■ **Task instructions**
Write out each entry below exactly. Do not include the images.
BEGIN Source data
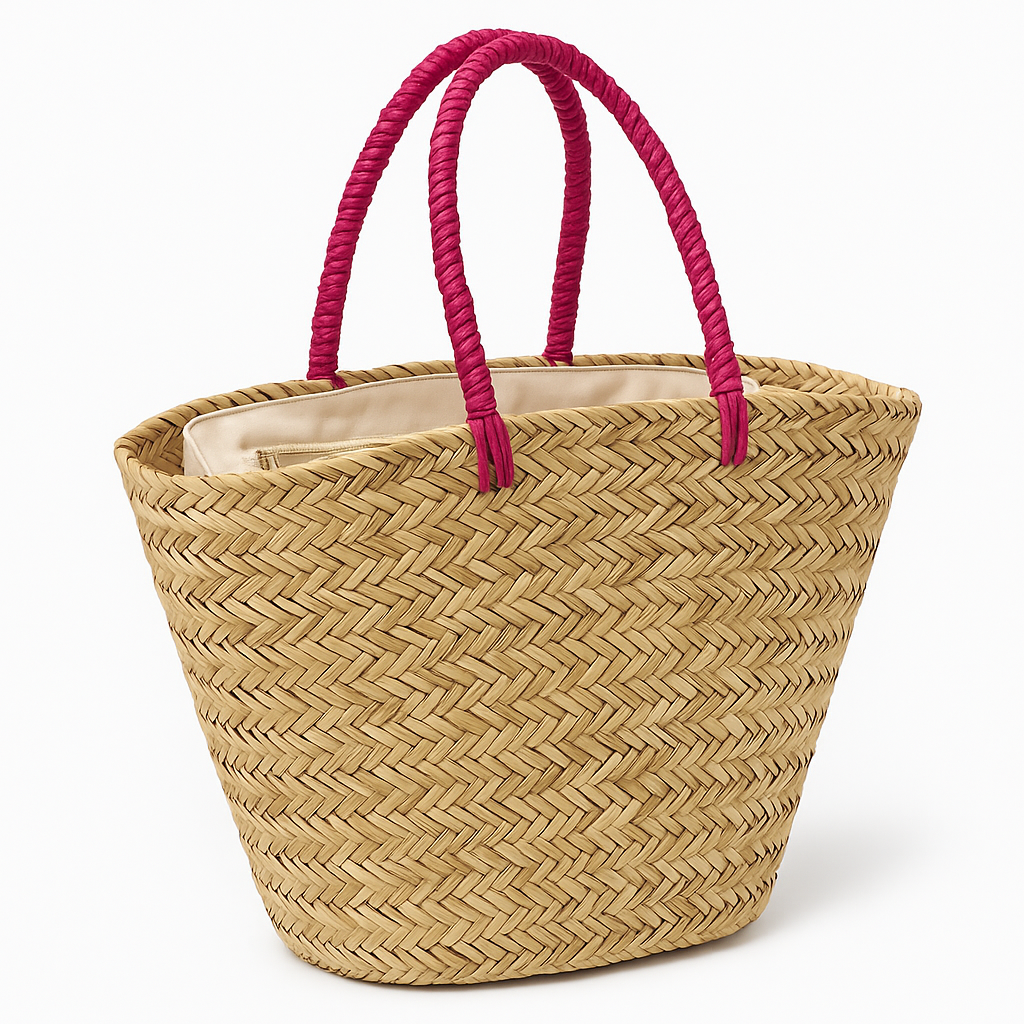 Boho Glamour Rieten Tas – XL Ibiza Shopper met Pailletten & Pompons (54x30x18 cm) - Mapsy B.V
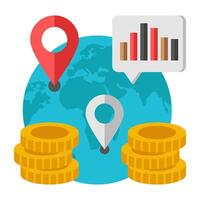 Premium design icon of global location vector
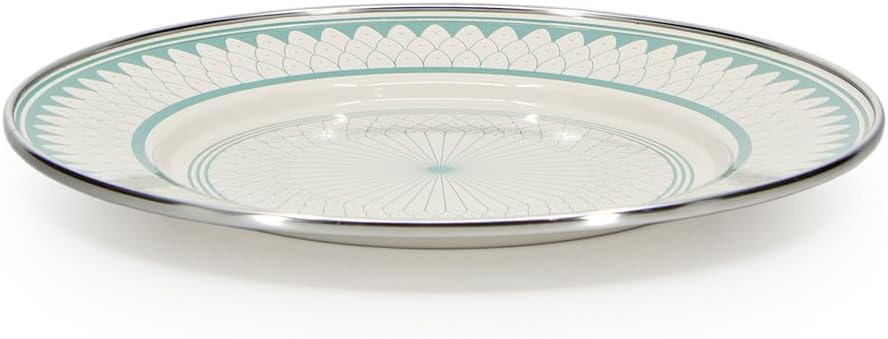 Golden Rabbit Enamelware Sandwich Plates, 8.5 inch, Aegean Sevilla, Set of 4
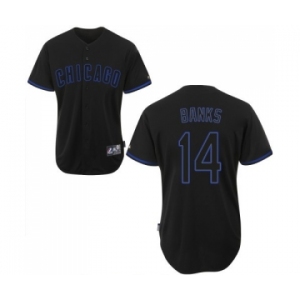 Men's Majestic Chicago Cubs #14 Ernie Banks Replica Black Fashion MLB Jersey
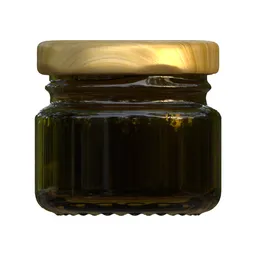 Detailed realistic 3D glass jar model with wooden lid, ideal for Blender renderings and kitchen visualization.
END Source data
■ **Solution for this task**
 Boho Glamour Rieten Tas – XL Ibiza Shopper met Pailletten & Pompons (54x30x18 cm) - Mapsy B.V
 Premium design icon of global location vector
 Golden Rabbit Enamelware Sandwich Plates, 8.5 inch, Aegean Sevilla, Set of 4
 Men's Majestic Chicago Cubs #14 Ernie Banks Replica Black Fashion MLB Jersey
 Detailed realistic 3D glass jar model with wooden lid, ideal for Blender renderings and kitchen visualization.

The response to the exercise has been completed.